Stored items from a collection:
--------------------
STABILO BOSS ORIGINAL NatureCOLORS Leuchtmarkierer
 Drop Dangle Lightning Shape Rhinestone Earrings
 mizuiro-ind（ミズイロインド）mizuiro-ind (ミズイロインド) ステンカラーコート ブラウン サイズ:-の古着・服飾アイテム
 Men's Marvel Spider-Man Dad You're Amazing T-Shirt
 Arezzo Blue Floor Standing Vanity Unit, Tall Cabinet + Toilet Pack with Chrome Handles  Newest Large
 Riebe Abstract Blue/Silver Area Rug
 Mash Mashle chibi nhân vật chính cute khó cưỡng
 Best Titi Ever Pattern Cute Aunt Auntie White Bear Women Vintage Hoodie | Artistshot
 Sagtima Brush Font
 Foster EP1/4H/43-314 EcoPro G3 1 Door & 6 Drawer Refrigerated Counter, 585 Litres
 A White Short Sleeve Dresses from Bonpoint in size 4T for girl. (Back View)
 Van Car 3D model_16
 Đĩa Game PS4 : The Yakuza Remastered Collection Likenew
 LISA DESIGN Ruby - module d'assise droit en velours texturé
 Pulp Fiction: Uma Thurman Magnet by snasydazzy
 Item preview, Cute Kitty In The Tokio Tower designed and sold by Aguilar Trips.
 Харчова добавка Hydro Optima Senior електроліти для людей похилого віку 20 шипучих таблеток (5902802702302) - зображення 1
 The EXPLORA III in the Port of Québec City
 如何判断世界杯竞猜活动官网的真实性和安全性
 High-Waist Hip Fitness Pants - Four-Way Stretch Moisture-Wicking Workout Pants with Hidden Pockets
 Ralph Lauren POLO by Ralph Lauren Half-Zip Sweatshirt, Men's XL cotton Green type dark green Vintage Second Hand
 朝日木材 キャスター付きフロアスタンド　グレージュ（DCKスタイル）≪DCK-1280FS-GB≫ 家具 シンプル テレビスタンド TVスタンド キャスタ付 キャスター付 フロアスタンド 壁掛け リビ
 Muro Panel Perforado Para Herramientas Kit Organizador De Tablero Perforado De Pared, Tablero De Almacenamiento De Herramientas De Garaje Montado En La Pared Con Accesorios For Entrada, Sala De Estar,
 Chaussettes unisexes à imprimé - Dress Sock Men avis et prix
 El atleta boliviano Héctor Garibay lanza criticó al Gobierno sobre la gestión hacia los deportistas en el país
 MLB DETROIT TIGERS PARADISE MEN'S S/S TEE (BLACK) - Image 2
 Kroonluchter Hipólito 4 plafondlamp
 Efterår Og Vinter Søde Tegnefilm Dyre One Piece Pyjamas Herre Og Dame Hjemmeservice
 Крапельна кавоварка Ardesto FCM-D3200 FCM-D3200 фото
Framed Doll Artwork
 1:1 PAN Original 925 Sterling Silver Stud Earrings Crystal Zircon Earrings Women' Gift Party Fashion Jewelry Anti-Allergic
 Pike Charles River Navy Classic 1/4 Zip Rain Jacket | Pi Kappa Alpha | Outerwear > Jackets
--------------------
Set down, from the entries above, exactly the lines from the one with "The EXPLORA III in the Port of Québec City" up to and including the one with "Kroonluchter Hipólito 4 plafondlamp", and no other lines.

*Response to the exercise*:
 The EXPLORA III in the Port of Québec City
 如何判断世界杯竞猜活动官网的真实性和安全性
 High-Waist Hip Fitness Pants - Four-Way Stretch Moisture-Wicking Workout Pants with Hidden Pockets
 Ralph Lauren POLO by Ralph Lauren Half-Zip Sweatshirt, Men's XL cotton Green type dark green Vintage Second Hand
 朝日木材 キャスター付きフロアスタンド　グレージュ（DCKスタイル）≪DCK-1280FS-GB≫ 家具 シンプル テレビスタンド TVスタンド キャスタ付 キャスター付 フロアスタンド 壁掛け リビ
 Muro Panel Perforado Para Herramientas Kit Organizador De Tablero Perforado De Pared, Tablero De Almacenamiento De Herramientas De Garaje Montado En La Pared Con Accesorios For Entrada, Sala De Estar,
 Chaussettes unisexes à imprimé - Dress Sock Men avis et prix
 El atleta boliviano Héctor Garibay lanza criticó al Gobierno sobre la gestión hacia los deportistas en el país
 MLB DETROIT TIGERS PARADISE MEN'S S/S TEE (BLACK) - Image 2
 Kroonluchter Hipólito 4 plafondlamp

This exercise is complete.